The state-based property and casualty guaranty fund system affords covered claimants a statutory remedy in the event of insolvency – many claims of the average consumer are paid in full. Based on existing state liquidation statutes and priority distribution laws, the needs of consumers, who are generally unsophisticated in insurance matters, are placed ahead of nonpolicyholder claimants and everyone with the same level or type of claim is treated equally.

It is imperative to know how and to what extent fundamental consumer protections would be affected under any alternative to outright liquidation. Would policy claims be reduced below their contract value in certain scenarios without the consent of claimants? Would consumers still receive timely payments, the full benefit of their insurance contract, fair treatment in the claims settlement process and availability of a meaningful claims appeal process? All of these are protections afforded in a traditional liquidation administered under existing state law. If they are not maintained, exactly what is the public policy objective in support of such a change?

Property and casualty insurance is a necessary ingredient to development of a civilized society by impacting the ability of commerce to develop and flourish within a free market economy.
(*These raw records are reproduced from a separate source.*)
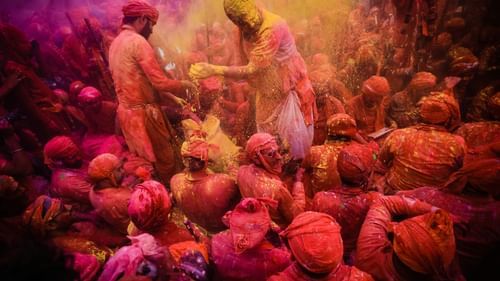 image of a people gathered in huge crowds playing with colours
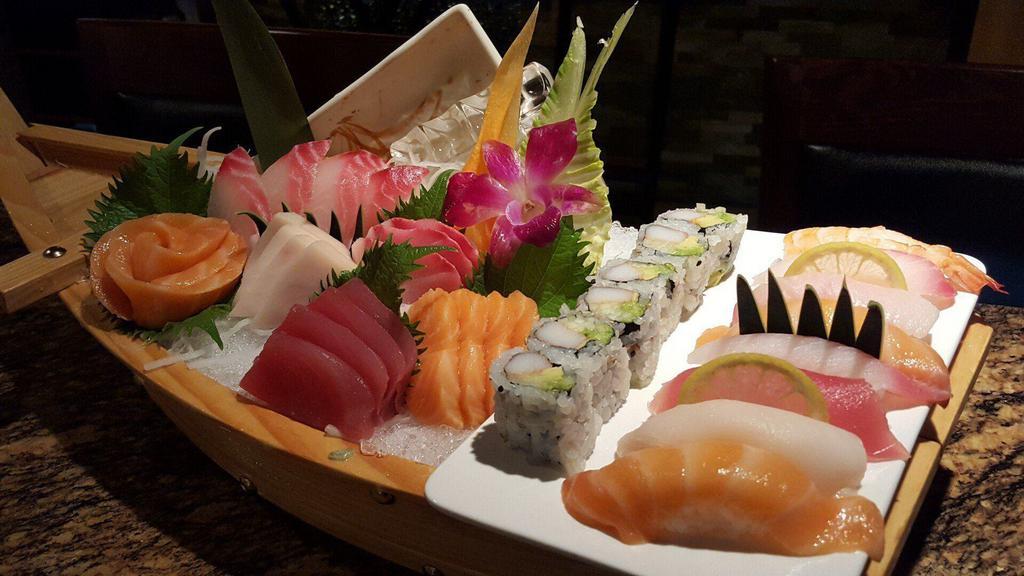 Sushi & Sashimi Combo · Seven pcs sushi and nine pcs sashimi and one California roll.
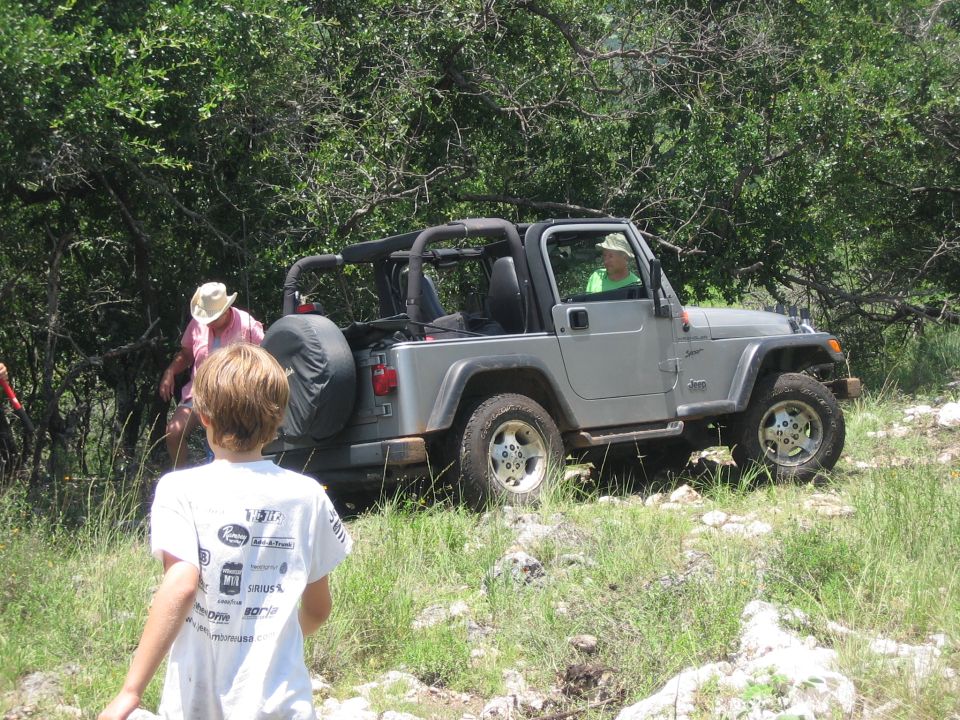 Silver Jeep Wrangler with a spare tire on the back, parked on a rocky, grassy trail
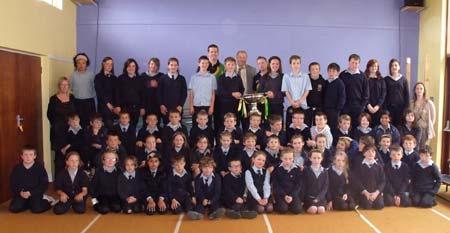 Cian McEniff and Megan McGee, Saint Macartan's winning captains hold the Lory Meagher cup.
It is a contractually specified and validated agreement to transfer risks tied to virtually all personal and business investment decisions. This in turn allows individuals and businesses to confidently manage their risk and make investments, important actions that spur economic growth.

Legislators and regulators have already established the guaranty fund system to make good on the insurance promises of failed property and casualty companies by providing at least a partial remedy for insurer insolvency. That remedy retains the sanctity of the insurance contract by affording a measure of protection to those claimants state legislatures have deemed most in need of protection. Any decision to modify the existing level of consumer protection should be undertaken with the utmost of thought and deliberation.